Demonstrates the LM7805 5V regulator, using an Arduino to measure the voltage supply and plot the results with Processing.

The Build

Notes

The LM7805 provides regulated 5V, ideal when current requirements are moderate (up to 1A with heatsink). Note that other chips in the LM78xx range are available to provide other voltages.

For the chip under test, we get a stable voltage just a tad under 5V, as measure with a multimeter and the Arduino:

Vout Derivation
4.98 actual (DMM)
4.982 actual (Arduino)

Here’s a sample trace of the voltage as measured by the Arduino:

processing trace

Measure Voltage with an Arduino

Reading voltages with analog pins presents two challenges:

  • The internal ADC has 10 bit resolution (0 - 1023) with 2 bit precision, so the accuracy is 0.25%
  • The internal reference voltage (i.e. what 1023 will equal in volts) is nominally 5V but in practice is not very accurate (the board used for this test runs at about 4.93V)

For our purposes here, the ADC accuracy is not a big problem. To overcome the reference voltage accuracy issue, the sketch scales the voltage reading according to the actual reference voltage of the board. This must be measured with a multimeter and the vref_mv constant changed to this value (in mV).

For more detail, John Errington’s Experiments with an Arduino includes an excellent study of Precise voltage measurement with the Arduino.

Construction

The Arduino only acts as a measurement device in this circuit. Analog pin is used to read Vout via a voltage divider (Rd1/Rd2). The voltage divider is to ensure that the Arduino never sees more than half the battery voltage (4.5V) on the analog pin.

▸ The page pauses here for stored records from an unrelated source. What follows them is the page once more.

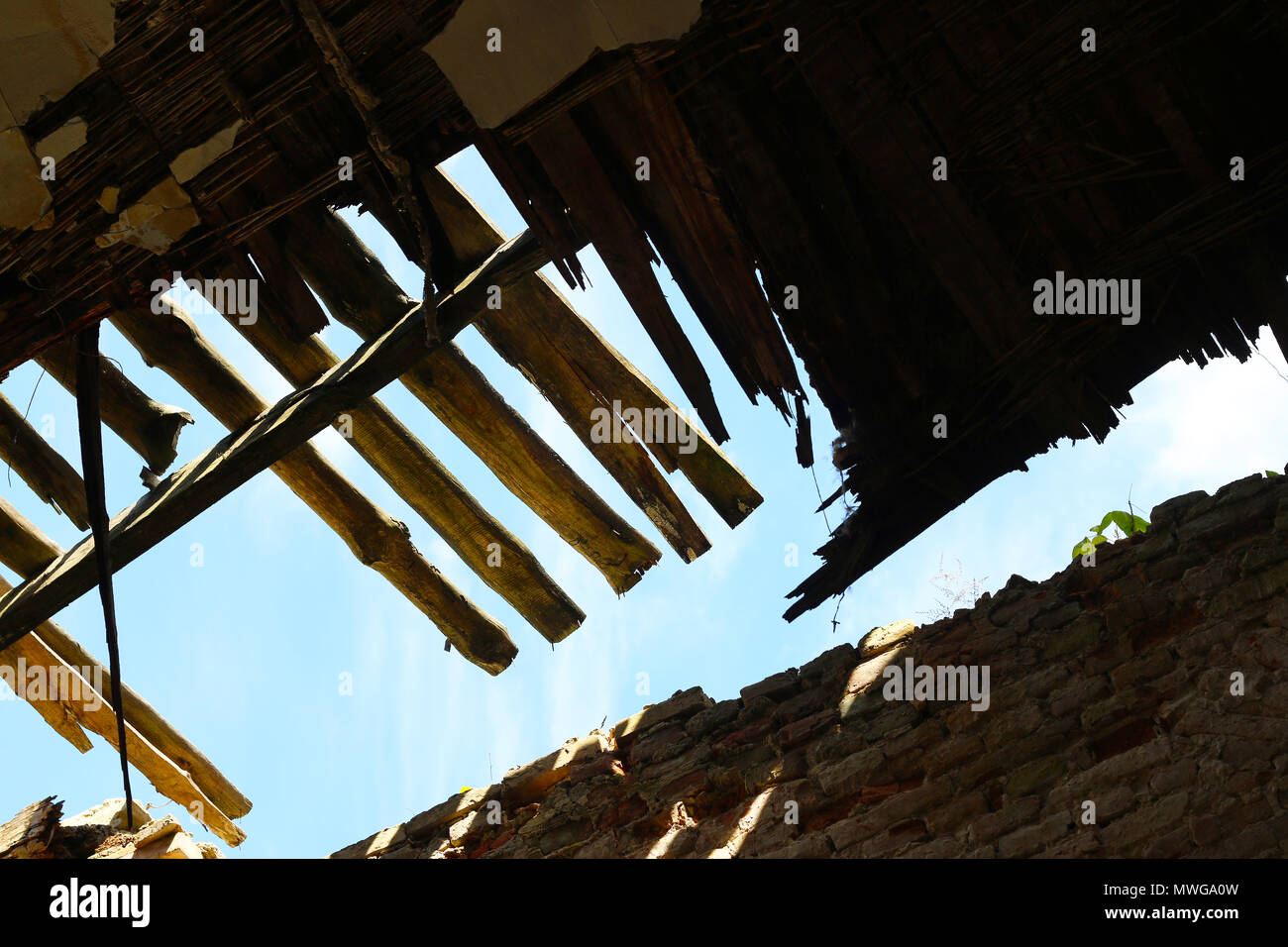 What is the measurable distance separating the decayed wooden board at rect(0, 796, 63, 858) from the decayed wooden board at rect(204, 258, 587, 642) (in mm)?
2072

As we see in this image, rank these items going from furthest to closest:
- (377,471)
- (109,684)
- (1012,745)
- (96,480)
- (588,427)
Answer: (109,684)
(377,471)
(588,427)
(96,480)
(1012,745)

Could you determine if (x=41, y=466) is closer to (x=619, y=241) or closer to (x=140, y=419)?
(x=140, y=419)

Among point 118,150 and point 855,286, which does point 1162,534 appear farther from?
point 118,150

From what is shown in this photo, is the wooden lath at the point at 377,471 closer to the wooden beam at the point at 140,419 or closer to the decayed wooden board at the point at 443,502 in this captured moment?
the decayed wooden board at the point at 443,502

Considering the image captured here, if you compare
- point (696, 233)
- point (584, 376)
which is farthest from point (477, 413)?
point (696, 233)

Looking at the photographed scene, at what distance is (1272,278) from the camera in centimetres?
335

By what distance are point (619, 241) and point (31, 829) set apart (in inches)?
142

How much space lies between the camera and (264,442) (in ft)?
11.8

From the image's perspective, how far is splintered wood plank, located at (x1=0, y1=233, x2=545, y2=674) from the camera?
354cm

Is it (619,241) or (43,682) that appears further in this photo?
(43,682)

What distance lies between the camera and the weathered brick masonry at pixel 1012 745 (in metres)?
2.76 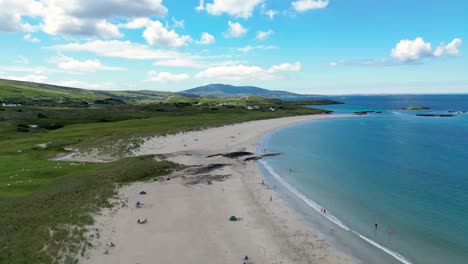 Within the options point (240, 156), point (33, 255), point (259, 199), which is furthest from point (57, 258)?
point (240, 156)

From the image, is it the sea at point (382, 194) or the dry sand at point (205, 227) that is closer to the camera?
the dry sand at point (205, 227)

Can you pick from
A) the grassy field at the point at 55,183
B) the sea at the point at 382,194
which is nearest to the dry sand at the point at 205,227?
the grassy field at the point at 55,183

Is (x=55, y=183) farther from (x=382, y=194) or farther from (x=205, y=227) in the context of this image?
(x=382, y=194)

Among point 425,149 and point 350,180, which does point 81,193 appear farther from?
point 425,149

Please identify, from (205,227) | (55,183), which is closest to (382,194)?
(205,227)

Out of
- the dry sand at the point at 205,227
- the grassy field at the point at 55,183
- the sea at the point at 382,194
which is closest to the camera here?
the grassy field at the point at 55,183

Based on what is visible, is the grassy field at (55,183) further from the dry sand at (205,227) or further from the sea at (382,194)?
the sea at (382,194) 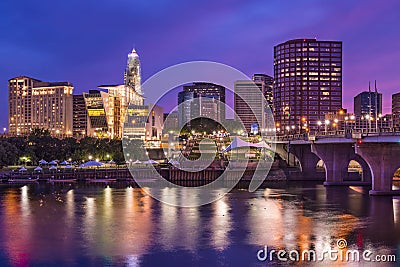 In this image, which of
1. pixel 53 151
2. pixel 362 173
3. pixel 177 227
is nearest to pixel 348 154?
pixel 362 173

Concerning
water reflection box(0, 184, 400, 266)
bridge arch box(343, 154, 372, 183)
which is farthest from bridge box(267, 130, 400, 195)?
water reflection box(0, 184, 400, 266)

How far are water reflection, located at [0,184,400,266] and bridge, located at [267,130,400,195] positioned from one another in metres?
4.72

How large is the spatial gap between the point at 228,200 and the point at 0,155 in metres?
59.5

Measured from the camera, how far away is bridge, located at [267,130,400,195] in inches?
3073

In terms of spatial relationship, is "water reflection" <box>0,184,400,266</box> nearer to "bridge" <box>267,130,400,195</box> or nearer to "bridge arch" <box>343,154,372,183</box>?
"bridge" <box>267,130,400,195</box>

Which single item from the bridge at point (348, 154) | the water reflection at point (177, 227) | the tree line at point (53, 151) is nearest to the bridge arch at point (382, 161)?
the bridge at point (348, 154)

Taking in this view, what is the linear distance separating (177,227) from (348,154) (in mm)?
60348

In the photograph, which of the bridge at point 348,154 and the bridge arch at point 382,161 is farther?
the bridge arch at point 382,161

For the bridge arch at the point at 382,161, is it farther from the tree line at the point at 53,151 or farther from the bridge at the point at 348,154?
the tree line at the point at 53,151

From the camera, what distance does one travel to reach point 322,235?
46812 millimetres

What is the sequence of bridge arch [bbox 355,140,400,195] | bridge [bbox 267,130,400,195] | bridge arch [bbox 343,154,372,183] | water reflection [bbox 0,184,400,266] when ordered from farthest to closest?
1. bridge arch [bbox 343,154,372,183]
2. bridge arch [bbox 355,140,400,195]
3. bridge [bbox 267,130,400,195]
4. water reflection [bbox 0,184,400,266]

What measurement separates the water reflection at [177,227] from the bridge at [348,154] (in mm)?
4719

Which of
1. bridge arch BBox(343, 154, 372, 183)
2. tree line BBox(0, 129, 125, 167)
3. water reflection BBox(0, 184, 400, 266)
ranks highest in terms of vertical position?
tree line BBox(0, 129, 125, 167)

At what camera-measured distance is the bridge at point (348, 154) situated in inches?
3073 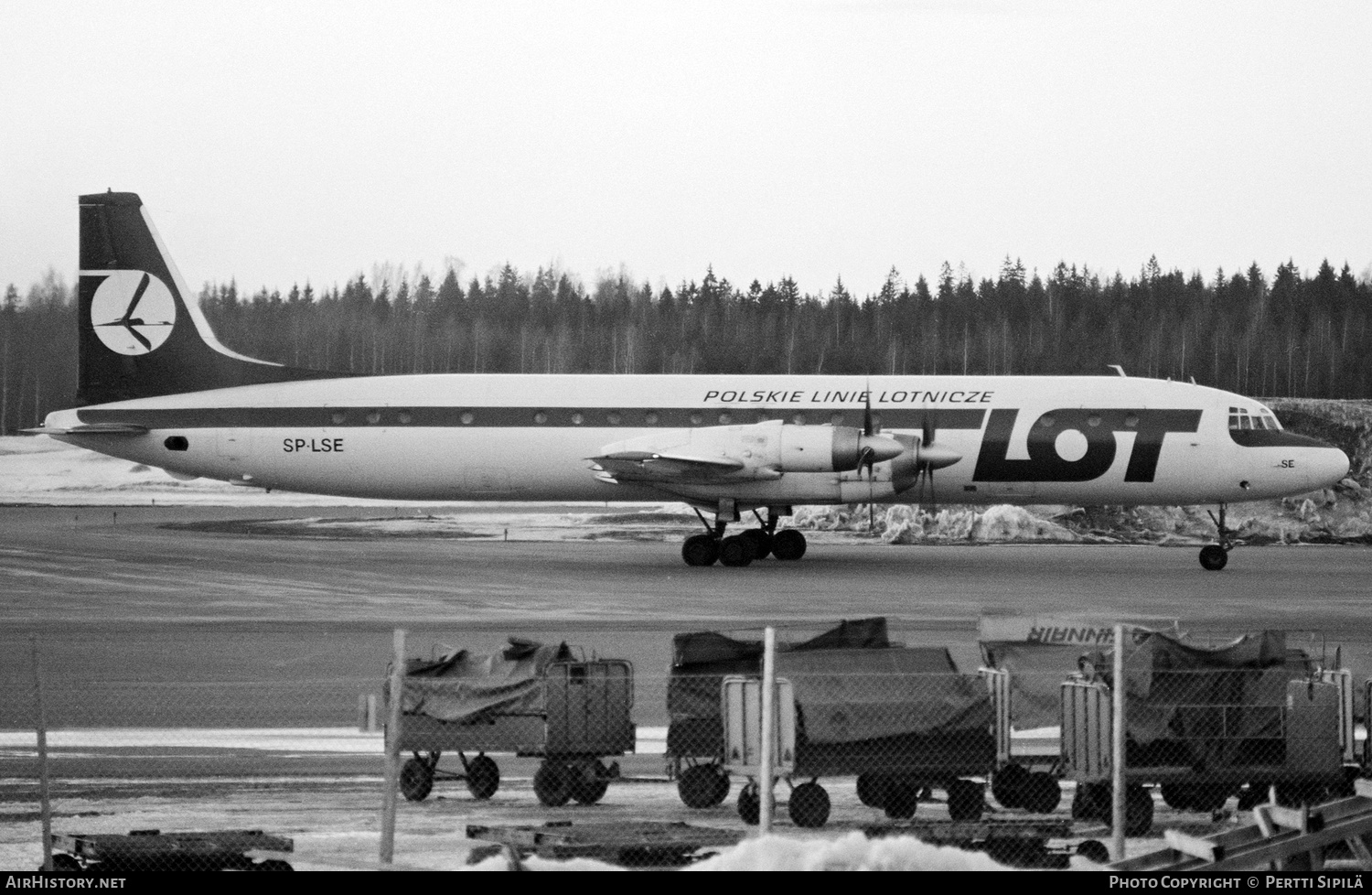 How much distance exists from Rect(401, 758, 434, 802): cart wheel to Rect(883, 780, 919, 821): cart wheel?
3.70 metres

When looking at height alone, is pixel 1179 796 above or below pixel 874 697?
below

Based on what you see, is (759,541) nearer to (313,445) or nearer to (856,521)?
(313,445)

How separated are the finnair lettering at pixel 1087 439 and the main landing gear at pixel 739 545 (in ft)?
14.9

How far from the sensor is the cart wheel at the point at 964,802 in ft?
37.9

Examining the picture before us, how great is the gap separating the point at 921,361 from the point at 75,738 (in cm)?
8230

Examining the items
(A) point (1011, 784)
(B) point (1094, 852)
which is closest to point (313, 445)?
(A) point (1011, 784)

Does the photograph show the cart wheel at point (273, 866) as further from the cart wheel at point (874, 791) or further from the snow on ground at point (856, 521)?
the snow on ground at point (856, 521)

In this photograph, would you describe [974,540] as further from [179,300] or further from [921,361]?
[921,361]

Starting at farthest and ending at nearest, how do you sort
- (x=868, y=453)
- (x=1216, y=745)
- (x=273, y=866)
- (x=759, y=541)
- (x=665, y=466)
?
(x=759, y=541) → (x=665, y=466) → (x=868, y=453) → (x=1216, y=745) → (x=273, y=866)

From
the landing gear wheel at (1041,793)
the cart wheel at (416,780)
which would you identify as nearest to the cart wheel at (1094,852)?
the landing gear wheel at (1041,793)

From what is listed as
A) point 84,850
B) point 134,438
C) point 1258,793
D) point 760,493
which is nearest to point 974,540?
point 760,493

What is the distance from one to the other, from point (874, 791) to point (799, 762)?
0.87 meters

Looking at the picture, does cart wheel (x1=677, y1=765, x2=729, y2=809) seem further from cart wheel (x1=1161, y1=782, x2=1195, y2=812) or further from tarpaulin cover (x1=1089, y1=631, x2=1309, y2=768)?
cart wheel (x1=1161, y1=782, x2=1195, y2=812)

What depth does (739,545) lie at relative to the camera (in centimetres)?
3241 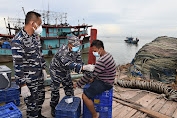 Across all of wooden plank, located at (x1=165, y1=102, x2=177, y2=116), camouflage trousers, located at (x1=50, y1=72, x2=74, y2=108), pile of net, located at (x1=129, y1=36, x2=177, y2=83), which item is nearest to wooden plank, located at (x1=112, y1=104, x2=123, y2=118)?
wooden plank, located at (x1=165, y1=102, x2=177, y2=116)

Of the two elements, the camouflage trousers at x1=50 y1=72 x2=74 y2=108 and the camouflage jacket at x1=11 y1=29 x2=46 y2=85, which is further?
the camouflage trousers at x1=50 y1=72 x2=74 y2=108

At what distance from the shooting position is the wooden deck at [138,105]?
3.54m

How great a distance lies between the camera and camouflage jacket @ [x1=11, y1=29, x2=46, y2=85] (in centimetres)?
241

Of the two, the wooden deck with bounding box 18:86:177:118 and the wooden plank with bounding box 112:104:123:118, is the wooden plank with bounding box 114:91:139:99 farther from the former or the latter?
the wooden plank with bounding box 112:104:123:118

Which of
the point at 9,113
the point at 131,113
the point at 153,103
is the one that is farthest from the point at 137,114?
the point at 9,113

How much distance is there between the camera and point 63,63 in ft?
10.0

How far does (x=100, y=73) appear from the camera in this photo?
2.79m

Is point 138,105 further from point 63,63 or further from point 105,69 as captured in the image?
point 63,63

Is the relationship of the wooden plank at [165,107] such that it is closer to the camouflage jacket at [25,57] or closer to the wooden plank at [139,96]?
the wooden plank at [139,96]

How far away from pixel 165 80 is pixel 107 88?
6184mm

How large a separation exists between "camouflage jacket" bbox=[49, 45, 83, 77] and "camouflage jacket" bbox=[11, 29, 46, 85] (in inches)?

LEAP#090 PlotNValues (a simple Processing sketch) reads the data from the serial port and plots the input and output value over time, with some coloration effects thrown in for good measure. In other words, we’re using Arduino and Processing as a basic oscilloscope! And it kind of works, mainly because the frequency is so low.

The Breadboard

The Schematic

Credits and References

About LEAP#27 Power

This page is a web-friendly rendering of my project notes shared in the LEAP GitHub repository.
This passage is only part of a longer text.